_MATERIAL FOR THE TASK_
Segment Open
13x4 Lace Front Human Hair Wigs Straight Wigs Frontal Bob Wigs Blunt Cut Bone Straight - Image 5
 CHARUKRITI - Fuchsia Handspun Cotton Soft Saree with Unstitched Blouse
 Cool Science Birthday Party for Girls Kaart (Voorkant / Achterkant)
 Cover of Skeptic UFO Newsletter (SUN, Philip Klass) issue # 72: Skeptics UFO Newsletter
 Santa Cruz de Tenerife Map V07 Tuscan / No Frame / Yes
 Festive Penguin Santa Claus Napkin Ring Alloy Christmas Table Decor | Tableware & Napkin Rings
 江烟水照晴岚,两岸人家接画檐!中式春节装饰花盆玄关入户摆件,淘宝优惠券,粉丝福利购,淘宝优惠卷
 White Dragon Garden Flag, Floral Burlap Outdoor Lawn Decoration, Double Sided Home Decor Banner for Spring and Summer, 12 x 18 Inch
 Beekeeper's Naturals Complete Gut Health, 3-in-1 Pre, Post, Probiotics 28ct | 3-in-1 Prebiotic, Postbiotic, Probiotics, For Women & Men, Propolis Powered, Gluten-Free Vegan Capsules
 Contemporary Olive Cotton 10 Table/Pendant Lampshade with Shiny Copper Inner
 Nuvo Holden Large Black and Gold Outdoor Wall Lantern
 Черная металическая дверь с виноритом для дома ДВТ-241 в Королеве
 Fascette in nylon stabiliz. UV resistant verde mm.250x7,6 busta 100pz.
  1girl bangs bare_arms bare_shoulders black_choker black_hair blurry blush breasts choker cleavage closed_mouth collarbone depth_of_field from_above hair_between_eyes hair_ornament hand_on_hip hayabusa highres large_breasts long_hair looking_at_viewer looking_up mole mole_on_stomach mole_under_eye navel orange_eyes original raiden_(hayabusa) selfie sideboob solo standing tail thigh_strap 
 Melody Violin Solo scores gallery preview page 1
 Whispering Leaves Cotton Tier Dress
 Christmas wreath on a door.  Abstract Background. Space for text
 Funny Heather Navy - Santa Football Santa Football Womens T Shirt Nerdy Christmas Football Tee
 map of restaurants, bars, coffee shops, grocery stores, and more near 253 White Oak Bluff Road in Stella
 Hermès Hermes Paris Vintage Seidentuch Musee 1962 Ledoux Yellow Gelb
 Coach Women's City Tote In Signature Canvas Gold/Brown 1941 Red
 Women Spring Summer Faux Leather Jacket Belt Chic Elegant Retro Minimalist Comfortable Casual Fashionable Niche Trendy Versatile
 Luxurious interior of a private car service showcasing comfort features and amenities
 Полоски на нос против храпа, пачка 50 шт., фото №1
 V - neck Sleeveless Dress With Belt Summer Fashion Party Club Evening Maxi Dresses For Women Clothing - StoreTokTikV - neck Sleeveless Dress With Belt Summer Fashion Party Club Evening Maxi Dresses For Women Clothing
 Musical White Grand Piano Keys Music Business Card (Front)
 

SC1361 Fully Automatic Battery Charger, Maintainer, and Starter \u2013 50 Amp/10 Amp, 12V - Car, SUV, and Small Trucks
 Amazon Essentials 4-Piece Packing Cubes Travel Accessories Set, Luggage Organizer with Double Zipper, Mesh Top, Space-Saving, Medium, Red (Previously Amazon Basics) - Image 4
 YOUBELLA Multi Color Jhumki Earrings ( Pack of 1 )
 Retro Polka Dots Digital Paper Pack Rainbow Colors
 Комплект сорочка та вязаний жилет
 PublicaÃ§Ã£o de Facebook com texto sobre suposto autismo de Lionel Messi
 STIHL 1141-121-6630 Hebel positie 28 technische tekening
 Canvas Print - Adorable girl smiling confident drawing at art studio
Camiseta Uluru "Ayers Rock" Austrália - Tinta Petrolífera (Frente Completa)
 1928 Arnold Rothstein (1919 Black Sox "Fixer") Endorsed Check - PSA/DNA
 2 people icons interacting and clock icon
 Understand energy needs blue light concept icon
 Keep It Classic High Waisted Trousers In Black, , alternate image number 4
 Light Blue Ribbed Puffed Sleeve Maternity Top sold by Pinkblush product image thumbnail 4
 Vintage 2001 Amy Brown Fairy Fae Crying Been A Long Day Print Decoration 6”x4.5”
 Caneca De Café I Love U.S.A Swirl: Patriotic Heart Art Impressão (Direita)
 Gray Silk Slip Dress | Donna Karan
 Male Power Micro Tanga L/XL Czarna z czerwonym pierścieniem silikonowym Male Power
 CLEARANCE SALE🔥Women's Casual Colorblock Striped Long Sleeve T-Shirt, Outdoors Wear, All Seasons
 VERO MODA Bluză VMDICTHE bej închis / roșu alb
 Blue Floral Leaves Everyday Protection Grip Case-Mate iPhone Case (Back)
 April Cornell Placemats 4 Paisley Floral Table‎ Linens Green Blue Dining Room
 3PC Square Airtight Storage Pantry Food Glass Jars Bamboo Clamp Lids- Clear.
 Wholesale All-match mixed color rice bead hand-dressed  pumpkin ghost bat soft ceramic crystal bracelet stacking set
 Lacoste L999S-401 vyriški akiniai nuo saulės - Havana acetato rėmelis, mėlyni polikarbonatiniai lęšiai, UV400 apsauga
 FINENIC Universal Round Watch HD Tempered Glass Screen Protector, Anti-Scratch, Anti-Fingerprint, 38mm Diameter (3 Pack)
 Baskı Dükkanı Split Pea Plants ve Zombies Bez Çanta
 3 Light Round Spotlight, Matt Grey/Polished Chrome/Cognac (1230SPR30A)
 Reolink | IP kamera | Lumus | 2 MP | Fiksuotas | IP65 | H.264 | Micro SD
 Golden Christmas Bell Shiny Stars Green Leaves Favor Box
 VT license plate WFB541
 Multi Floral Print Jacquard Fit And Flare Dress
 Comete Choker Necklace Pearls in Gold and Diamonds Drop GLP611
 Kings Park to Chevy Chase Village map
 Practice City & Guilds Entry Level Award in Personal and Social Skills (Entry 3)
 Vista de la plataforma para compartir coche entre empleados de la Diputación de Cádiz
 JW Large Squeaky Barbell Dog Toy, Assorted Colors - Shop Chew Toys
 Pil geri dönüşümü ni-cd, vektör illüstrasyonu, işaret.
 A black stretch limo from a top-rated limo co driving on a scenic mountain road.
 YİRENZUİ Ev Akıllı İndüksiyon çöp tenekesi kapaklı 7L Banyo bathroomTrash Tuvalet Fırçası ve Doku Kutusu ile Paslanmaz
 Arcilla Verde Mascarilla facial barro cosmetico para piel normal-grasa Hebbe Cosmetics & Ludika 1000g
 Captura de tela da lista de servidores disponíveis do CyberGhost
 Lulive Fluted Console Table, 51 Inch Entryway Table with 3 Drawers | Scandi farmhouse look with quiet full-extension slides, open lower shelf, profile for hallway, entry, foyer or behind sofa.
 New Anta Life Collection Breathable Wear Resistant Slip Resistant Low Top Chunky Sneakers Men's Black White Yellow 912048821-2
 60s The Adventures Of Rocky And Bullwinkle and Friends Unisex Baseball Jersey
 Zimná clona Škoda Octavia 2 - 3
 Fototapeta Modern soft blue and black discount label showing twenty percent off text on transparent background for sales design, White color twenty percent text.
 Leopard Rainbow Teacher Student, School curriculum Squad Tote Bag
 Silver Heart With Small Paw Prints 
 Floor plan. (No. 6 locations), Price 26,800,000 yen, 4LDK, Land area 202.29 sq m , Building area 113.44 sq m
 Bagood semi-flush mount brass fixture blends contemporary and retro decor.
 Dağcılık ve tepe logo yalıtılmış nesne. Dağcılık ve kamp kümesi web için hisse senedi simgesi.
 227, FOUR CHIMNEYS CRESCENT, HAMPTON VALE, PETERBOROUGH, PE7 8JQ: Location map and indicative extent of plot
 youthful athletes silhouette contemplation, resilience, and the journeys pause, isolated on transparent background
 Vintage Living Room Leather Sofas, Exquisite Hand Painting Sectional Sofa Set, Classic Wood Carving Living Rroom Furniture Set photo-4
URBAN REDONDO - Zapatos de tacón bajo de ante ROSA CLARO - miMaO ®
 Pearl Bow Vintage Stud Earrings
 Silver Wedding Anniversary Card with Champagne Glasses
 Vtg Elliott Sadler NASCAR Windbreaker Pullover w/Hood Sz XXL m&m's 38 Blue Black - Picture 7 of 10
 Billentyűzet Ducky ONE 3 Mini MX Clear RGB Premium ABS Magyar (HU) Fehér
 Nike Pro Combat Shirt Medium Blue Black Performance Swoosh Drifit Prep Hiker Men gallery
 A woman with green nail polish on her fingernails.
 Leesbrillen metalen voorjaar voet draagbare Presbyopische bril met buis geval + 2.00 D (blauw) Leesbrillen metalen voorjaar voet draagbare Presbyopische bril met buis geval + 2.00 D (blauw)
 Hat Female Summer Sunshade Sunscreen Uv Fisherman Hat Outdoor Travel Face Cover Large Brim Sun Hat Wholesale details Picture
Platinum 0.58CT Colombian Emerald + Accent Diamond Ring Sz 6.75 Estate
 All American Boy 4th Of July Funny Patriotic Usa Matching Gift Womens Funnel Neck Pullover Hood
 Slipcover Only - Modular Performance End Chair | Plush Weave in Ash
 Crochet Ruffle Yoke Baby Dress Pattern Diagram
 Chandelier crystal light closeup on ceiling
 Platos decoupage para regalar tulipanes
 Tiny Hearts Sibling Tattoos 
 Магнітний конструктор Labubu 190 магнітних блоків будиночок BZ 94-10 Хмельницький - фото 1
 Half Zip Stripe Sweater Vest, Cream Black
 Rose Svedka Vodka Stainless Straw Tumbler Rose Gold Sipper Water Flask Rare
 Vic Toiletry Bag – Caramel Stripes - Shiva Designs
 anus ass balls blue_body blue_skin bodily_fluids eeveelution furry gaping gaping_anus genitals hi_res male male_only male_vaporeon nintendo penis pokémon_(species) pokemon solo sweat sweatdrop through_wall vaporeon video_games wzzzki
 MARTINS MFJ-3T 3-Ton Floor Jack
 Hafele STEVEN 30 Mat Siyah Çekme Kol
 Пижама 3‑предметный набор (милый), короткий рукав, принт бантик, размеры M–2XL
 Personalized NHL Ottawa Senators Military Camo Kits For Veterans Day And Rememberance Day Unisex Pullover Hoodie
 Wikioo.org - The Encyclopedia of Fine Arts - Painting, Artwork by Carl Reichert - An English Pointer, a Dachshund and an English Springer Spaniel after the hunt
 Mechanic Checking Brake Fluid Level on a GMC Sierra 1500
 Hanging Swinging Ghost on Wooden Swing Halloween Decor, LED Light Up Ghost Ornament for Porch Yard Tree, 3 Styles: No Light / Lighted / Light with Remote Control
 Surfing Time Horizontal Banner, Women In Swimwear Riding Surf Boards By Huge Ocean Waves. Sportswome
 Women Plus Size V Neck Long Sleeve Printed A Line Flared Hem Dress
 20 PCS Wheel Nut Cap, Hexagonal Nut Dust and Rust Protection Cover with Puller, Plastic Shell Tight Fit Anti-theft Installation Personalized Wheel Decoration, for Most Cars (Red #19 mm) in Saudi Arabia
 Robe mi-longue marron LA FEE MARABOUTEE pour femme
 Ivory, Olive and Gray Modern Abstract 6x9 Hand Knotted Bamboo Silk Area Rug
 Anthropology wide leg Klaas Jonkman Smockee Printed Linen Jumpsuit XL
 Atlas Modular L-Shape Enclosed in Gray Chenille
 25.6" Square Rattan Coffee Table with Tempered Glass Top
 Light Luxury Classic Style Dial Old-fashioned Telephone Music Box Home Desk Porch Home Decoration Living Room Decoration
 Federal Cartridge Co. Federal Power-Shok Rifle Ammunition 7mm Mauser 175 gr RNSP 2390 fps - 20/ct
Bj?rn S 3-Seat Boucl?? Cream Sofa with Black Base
Segment Closed
Every line of the records above where the string "Belt" is found should be copied.

_EXERCISE ANSWER_
 Women Spring Summer Faux Leather Jacket Belt Chic Elegant Retro Minimalist Comfortable Casual Fashionable Niche Trendy Versatile
 V - neck Sleeveless Dress With Belt Summer Fashion Party Club Evening Maxi Dresses For Women Clothing - StoreTokTikV - neck Sleeveless Dress With Belt Summer Fashion Party Club Evening Maxi Dresses For Women Clothing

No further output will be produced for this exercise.